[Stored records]
╔══

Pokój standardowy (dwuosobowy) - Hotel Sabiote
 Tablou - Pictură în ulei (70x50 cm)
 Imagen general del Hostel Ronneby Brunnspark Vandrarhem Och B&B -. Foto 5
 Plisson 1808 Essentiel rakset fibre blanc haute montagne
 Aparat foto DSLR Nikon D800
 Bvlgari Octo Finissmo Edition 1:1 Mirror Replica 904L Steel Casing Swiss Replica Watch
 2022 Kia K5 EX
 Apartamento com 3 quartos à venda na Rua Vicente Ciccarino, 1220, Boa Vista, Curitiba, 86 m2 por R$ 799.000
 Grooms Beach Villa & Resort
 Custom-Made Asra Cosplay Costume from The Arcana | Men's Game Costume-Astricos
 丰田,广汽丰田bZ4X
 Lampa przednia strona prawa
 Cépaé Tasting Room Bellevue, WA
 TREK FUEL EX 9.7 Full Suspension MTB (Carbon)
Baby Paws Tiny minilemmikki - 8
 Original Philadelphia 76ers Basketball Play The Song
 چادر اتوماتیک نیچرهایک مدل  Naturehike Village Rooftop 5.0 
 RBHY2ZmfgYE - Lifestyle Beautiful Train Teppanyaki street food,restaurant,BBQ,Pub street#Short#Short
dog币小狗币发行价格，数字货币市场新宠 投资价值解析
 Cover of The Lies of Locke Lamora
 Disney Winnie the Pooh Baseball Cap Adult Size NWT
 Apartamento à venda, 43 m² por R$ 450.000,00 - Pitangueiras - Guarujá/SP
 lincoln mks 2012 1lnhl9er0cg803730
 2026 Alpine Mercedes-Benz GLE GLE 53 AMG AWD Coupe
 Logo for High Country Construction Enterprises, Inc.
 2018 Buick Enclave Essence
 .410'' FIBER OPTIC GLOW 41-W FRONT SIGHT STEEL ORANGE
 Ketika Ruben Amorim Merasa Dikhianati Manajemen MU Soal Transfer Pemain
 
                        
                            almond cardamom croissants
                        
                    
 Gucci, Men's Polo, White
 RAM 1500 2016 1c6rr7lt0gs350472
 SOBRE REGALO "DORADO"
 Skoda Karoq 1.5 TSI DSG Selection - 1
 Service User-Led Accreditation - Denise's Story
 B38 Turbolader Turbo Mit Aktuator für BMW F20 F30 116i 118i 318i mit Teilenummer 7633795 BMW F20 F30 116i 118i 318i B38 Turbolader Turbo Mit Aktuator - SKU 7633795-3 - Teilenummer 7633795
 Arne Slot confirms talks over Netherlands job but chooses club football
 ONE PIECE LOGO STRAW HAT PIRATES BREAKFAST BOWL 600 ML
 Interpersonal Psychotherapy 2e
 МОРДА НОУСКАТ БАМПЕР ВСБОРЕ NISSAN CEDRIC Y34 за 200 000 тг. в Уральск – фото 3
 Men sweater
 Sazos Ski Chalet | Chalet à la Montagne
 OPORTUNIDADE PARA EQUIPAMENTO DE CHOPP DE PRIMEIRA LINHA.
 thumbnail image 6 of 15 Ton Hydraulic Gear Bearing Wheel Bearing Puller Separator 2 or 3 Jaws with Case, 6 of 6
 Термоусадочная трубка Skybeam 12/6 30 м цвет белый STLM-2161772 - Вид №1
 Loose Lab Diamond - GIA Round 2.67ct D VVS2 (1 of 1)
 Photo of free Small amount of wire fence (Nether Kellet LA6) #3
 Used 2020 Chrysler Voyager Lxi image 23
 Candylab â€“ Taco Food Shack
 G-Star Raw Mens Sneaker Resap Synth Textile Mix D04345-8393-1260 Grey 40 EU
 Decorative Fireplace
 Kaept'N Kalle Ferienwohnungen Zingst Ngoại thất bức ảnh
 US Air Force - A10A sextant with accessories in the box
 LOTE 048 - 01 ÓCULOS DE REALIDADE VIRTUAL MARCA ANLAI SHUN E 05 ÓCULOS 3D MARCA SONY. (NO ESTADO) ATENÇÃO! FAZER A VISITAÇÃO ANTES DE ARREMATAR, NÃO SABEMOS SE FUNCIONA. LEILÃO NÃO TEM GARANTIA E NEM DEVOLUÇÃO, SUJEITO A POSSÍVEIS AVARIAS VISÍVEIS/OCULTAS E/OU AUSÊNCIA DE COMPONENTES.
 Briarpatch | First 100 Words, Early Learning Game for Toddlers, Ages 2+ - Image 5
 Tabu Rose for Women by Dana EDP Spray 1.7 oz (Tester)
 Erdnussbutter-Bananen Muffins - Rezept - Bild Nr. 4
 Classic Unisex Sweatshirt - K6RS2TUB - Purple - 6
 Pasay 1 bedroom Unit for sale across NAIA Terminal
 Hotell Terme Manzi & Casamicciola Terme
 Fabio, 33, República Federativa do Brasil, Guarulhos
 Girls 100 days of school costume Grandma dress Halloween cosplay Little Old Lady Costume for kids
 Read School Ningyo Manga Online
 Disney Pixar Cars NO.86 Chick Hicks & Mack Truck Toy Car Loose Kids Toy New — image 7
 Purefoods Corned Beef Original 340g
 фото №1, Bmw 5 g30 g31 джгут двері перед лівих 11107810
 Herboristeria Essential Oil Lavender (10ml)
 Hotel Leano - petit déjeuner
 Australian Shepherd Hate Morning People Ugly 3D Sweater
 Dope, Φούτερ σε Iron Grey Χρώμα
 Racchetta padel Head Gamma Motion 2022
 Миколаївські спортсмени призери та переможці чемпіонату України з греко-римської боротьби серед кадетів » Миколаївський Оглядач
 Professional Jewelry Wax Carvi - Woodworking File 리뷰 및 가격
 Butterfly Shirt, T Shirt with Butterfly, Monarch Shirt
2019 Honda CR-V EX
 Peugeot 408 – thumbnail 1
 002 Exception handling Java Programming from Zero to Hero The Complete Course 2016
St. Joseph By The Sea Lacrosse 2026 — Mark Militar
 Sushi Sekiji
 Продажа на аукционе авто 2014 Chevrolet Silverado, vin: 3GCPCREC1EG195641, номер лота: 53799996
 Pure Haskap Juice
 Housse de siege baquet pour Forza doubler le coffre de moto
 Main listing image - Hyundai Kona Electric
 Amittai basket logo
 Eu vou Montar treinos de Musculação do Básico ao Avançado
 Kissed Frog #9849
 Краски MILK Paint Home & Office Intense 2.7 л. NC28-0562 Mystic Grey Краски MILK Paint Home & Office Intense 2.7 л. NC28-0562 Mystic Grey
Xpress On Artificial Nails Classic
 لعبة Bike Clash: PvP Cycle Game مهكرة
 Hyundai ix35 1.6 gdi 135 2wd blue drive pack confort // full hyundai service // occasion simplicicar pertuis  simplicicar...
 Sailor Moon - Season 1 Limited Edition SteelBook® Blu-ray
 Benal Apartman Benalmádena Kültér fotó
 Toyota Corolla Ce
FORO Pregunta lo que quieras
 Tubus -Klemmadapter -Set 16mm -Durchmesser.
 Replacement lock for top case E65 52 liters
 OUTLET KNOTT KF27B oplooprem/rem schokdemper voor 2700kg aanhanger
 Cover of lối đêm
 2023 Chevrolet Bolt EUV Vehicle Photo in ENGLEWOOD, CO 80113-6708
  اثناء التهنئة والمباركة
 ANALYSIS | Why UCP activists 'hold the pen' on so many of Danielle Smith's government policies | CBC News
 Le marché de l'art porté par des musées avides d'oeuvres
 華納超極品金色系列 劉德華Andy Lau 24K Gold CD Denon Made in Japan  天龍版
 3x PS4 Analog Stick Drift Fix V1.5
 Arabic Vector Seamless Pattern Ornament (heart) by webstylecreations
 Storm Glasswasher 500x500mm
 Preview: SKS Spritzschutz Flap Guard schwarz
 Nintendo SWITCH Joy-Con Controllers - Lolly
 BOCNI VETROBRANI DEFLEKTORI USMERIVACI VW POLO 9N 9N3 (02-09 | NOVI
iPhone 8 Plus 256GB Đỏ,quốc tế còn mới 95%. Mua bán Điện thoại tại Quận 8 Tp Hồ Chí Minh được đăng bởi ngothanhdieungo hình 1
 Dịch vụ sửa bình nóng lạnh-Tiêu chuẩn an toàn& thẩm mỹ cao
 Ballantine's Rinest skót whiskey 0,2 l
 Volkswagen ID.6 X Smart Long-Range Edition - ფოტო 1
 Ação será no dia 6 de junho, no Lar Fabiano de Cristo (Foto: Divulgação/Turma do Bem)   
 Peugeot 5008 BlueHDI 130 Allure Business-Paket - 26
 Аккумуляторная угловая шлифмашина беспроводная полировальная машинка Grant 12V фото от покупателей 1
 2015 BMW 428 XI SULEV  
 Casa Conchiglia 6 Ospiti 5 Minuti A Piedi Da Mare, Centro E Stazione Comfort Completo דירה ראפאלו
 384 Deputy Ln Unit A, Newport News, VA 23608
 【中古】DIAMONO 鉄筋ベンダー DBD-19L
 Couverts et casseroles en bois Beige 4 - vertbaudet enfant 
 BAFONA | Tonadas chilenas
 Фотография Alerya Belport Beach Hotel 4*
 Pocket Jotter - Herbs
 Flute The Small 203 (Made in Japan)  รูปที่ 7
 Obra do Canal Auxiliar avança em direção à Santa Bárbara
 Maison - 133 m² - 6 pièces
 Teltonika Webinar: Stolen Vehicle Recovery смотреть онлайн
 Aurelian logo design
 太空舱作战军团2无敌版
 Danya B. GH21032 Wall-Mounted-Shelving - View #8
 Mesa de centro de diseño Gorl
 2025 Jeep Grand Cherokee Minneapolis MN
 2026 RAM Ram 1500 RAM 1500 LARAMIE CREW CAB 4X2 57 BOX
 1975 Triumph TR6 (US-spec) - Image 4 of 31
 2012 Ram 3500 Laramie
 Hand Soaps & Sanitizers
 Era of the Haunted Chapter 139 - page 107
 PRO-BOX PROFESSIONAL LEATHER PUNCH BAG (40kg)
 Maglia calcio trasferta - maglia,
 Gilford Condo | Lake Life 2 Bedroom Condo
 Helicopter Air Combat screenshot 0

╚══

Write down, word for word, the lines above from the one containing "丰田,广汽丰田bZ4X" through the one containing "Ketika Ruben Amorim", both ends included.

 丰田,广汽丰田bZ4X
 Lampa przednia strona prawa
 Cépaé Tasting Room Bellevue, WA
 TREK FUEL EX 9.7 Full Suspension MTB (Carbon)
Baby Paws Tiny minilemmikki - 8
 Original Philadelphia 76ers Basketball Play The Song
 چادر اتوماتیک نیچرهایک مدل  Naturehike Village Rooftop 5.0 
 RBHY2ZmfgYE - Lifestyle Beautiful Train Teppanyaki street food,restaurant,BBQ,Pub street#Short#Short
dog币小狗币发行价格，数字货币市场新宠 投资价值解析
 Cover of The Lies of Locke Lamora
 Disney Winnie the Pooh Baseball Cap Adult Size NWT
 Apartamento à venda, 43 m² por R$ 450.000,00 - Pitangueiras - Guarujá/SP
 lincoln mks 2012 1lnhl9er0cg803730
 2026 Alpine Mercedes-Benz GLE GLE 53 AMG AWD Coupe
 Logo for High Country Construction Enterprises, Inc.
 2018 Buick Enclave Essence
 .410'' FIBER OPTIC GLOW 41-W FRONT SIGHT STEEL ORANGE
 Ketika Ruben Amorim Merasa Dikhianati Manajemen MU Soal Transfer Pemain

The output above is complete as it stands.